The driver accused of hitting a suspected panhandler on Monday afternoon at the Venture Drive/Cheat Road intersection has been charged with driving under the influence causing bodily injury.
Monongalia County sheriff’s deputies were called to the Pierpont Centre intersection at approximately 12:17 p.m. and met with driver Steven R. Carpenter, 57, of Masontown.
Carpenter stated he was traveling through the intersection and ran over the median, striking the pedestrian, according to the criminal complaint filed by Deputy W.E. Crawford.
Crawford noted Carpenter had bloodshot eyes, was unsteady on his feet and needed to lean on his vehicle to maintain balance.

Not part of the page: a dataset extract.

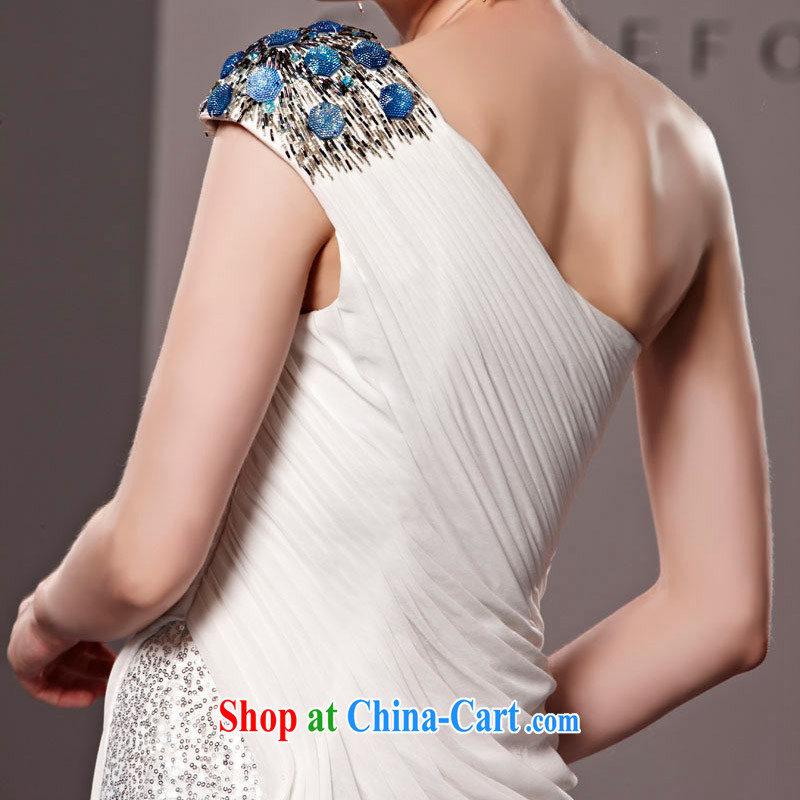 Creative Fox Evening Dress elegance, shoulder-length, banquet dress the annual dress Exhibition will stage a serving ethnic wind dress skirt 81,120 white L, creative Fox (coniefox), shopping on the Internet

Carpenter was given the standardized field sobriety tests. Crawford said he failed all three tests.
Inside Carpenter’s vehicle, deputies found several items associated with the consumption of illegal substances including glass pipes, steel wool and a used plastic bag.
The accident has brought the Monongalia County Commission’s controversial Pedestrian and Vehicle Safety Ordinance, passed last year, back into the spotlight.
The ordinance, which makes exceptions for emergency personnel, deems it illegal for pedestrians within a right-of-way and drivers or passengers in vehicles to restrict traffic flow by exchanging items or interacting in any way.
Critics of the ordinance believed the law was created to criminalize panhandling, which is considered protected speech, and would ultimately punish the poor.
The commission, however, made it a point that the law does not prohibit speech or criminalize poverty or homelessness — it addresses the safety issue of people loitering in the roadway.
Following Monday’s accident, Commissioner Tom Bloom said such incidents show why the ordinance is in place.
“What we saw was an unfortunate accident,” Bloom told The Dominion Post. “This time it was by a DUI driver, which is not acceptable, but this only accents the need to enforce and support this ordinance.”
Carpenter was arraigned in Monongalia County Magistrate Court where a $5,000 bond was set.
If convicted, Carpenter could face up to one year in prison, pay fines up to $1,000, and have his license revoked for a period of two years or until completing the test-and-lock program.
The condition of the victim in Monday’s accident is unknown at this time, but they were reported to have suffered injuries.
“I hope this is a one-and-done incident,” Bloom said. “Unfortunately, we’re going to probably have more of these accidents unless we follow the rules and regulations of the ordinance.”